• What to do: Retype all of the listing exactly, passing over any picture you find.

• The data:

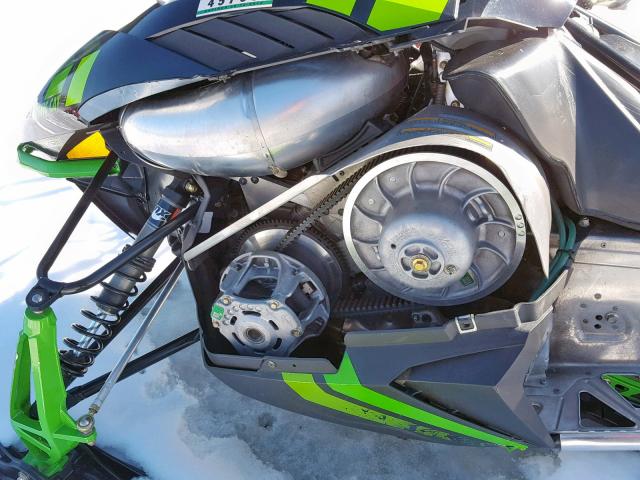 4UF17SNWXHT109819 - 2017 ARCTIC CAT SNOWMOBILE TWO TONE photo 7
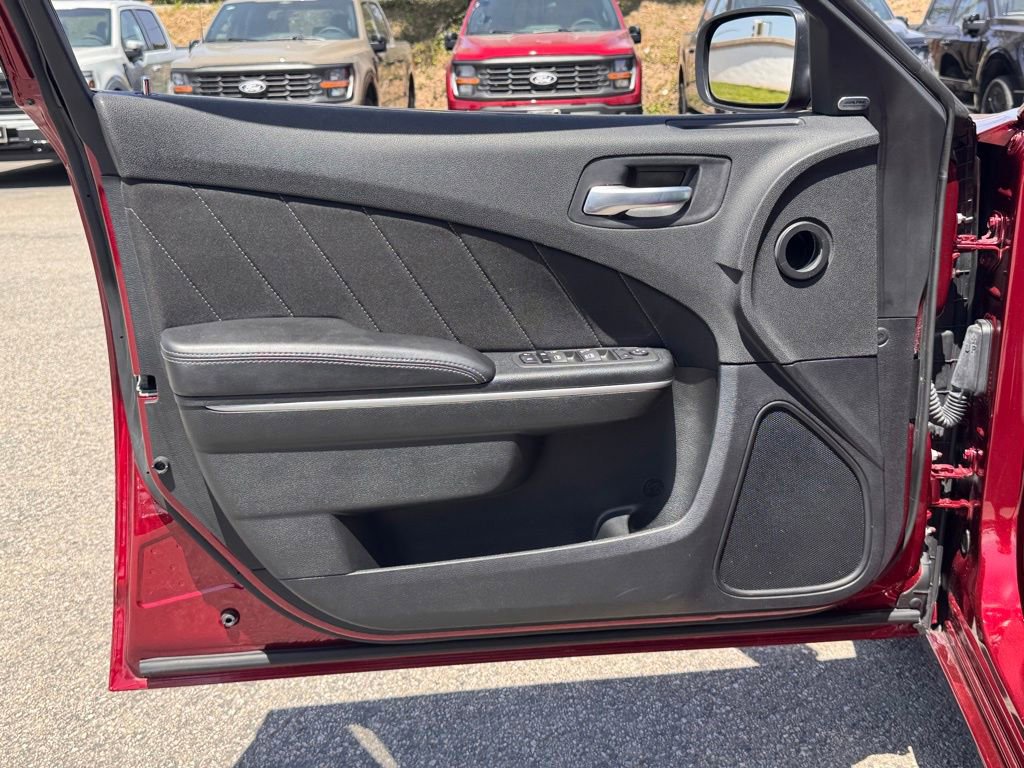 Used 2023 Dodge Charger SXT RWD image 15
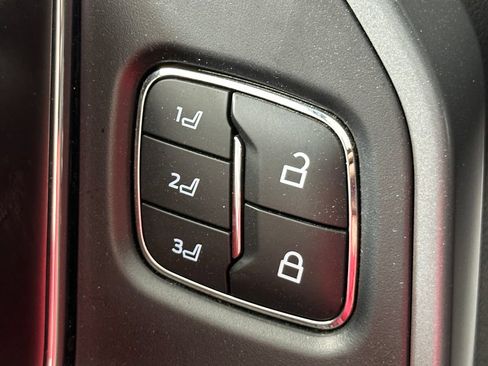 Used 2022 Ford F150 Lariat w/ Equipment Group 502A High AWD/4WD image 16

• Response below:
 4UF17SNWXHT109819 - 2017 ARCTIC CAT SNOWMOBILE TWO TONE photo 7
 Used 2023 Dodge Charger SXT RWD image 15
 Used 2022 Ford F150 Lariat w/ Equipment Group 502A High AWD/4WD image 16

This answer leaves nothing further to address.